Editorial bem otimista do FT.
He is ubiquitous and disregards liberal ideals such as the sanctity of private property by dropping unannounced into private homes. He gives away goodies in a festive binge and is adored by many, who believe he has near-mythic powers. His most distinctive features, though, are that he dresses in red and sports a distinctive hat. His name, of course, is not Santa Claus (although it could be) but Hugo Chávez – the recently deceased Latin American populist whose hallmark was a red beret.
Venezuela’s socialist president was one of the greatest populists of all time. Like most populists, his ideology was eclectic, vague, nationalistic – and not to be taken too seriously. Nonetheless, Chávez was a figure worth taking very seriously indeed. That is why his death in March was the region’s main political event of the year. It marked the demise of a tub-thumping populist and, perhaps, even of Latin American populism itself.
To get a sense of this turning point, look back to the last millennium. Back in 1999, Chávez’s rise to power seemed to mark the beginning of a permanent political shift in the region. Latin America was emerging from the belt-tightening austerity of the 1990s, the so-called lost decade. Soon populist or leftist governments were popping up everywhere. By the mid-2000s, and financed by a swelling commodity price boom, the populist “pink tide” seemed unstoppable. Even Mexico almost succumbed. Now, Latin America is shifting back to the right. The lasting significance of Chávez’s death is that it accelerated the trend.
Venezuela’s obvious chaos, social division, high murder rates and near-bankruptcy mean the country is no longer a model for anywhere else, if it ever was. The waning commodity price boom is revealing the economic limits of other populist spendthrifts too. Lacking hard currency, even Argentina is mending fences with international investors and companies. Necessity, it seems, is also the mother of self-reinvention. And while growth in social democratic Brazil has stalled, Mexico is enacting the most important pro-business reforms of a generation. Meanwhile, the other liberal Pacific economies of Colombia, Chile and Peru are steaming ahead. Their investment-led performance is now exerting the region’s most powerful demonstration effect.
Technology has changed the populist game for good. Populism was a top-down affair practised by a near-authoritarian figure who claimed to embody the “will of the people”. Today it is social media that mobilises the populace – as seen in Brazil’s protests for better public services, or Chile’s street marches for cheaper education.
An end of populism does not mean the continent is about to embrace Chicago-style economics and political liberalism instead. Populism, after all, is not a disease, only a symptom of deeper problems, particularly inequality and poverty. Growth can help the latter, but often exacerbates the former. Chile, the region’s most successful economy, has just elected a centre-left president. It is also why the modest redistributive policies undertaken by governments over the past decade are important. Unlike Chávez’s populism, these helped to create a new “middle class”.

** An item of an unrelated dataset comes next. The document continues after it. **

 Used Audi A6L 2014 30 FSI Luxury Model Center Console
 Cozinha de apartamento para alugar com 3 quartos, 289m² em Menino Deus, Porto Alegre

This, then, is the shape of the new Latin American politics. Its constituencies are diffuse, demanding and increasingly middle class. Meeting their aspirations will require traits rarely associated with Latin America, such as good governance and civic inclusion. Are the region’s reformist governments up to it? An open question: the challenge is to beat back inequality without ceding power to demagogues. At least the appeal of populists such as Chávez is over. That is progress – if not for Venezuela, now suffering his legacy – and cause for cheer.